## Problem description
Ignoring every picture, return the lines of the listing below word for word, from the line that holds "DESIGN ORIGINALS Dapper" through the line that holds "Flyer with Ireland Colors Design".

## The input
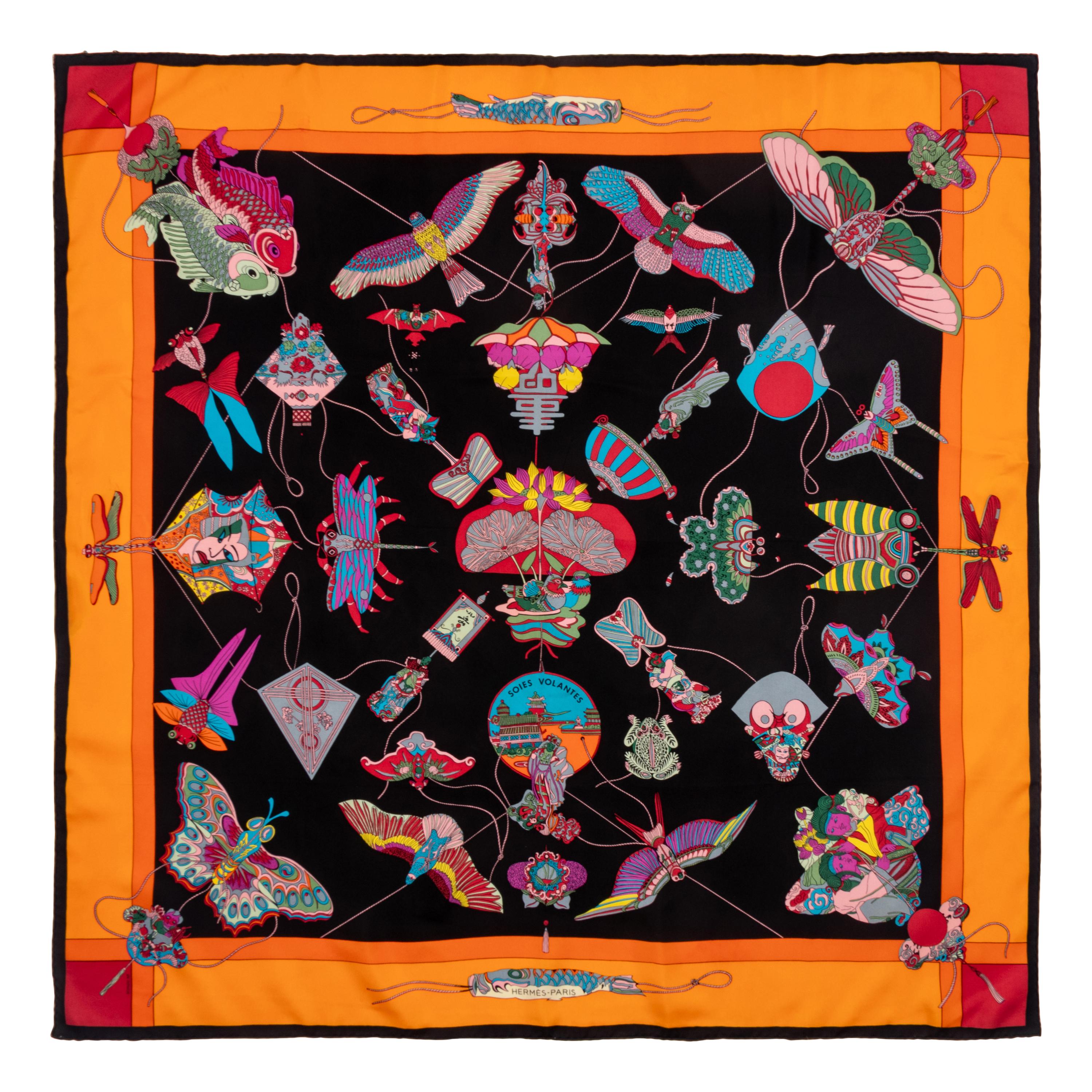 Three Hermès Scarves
...
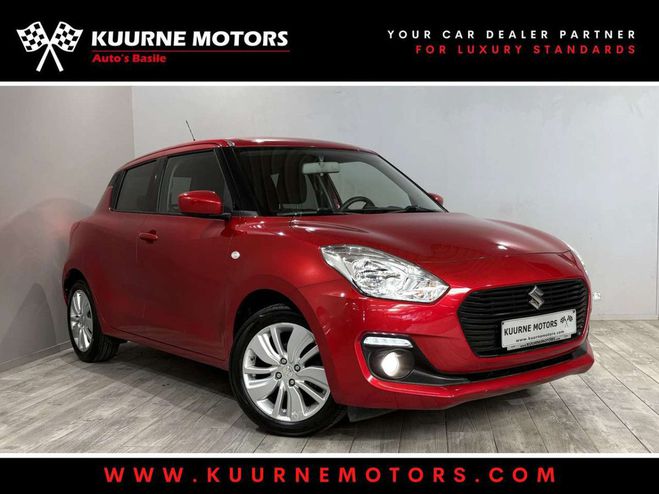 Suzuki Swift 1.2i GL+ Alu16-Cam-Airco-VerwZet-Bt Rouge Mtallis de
...
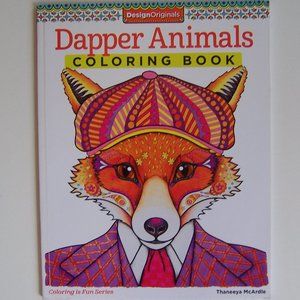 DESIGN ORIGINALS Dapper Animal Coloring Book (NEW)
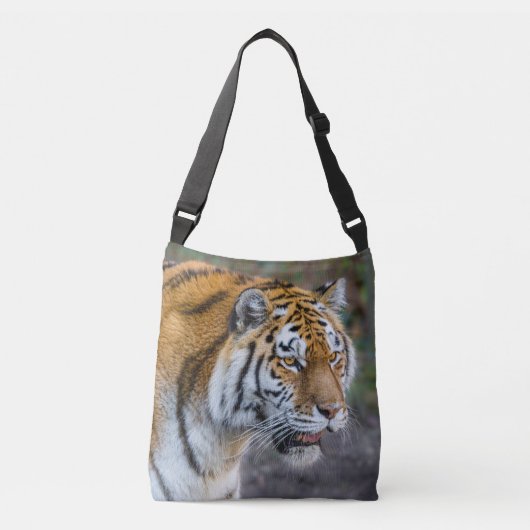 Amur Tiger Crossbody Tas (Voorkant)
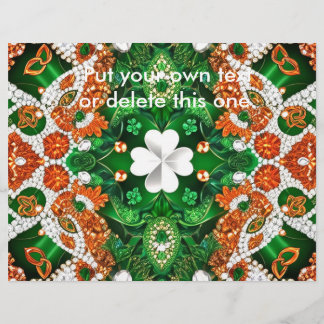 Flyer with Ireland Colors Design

## Written response
 DESIGN ORIGINALS Dapper Animal Coloring Book (NEW)
 Amur Tiger Crossbody Tas (Voorkant)
 Flyer with Ireland Colors Design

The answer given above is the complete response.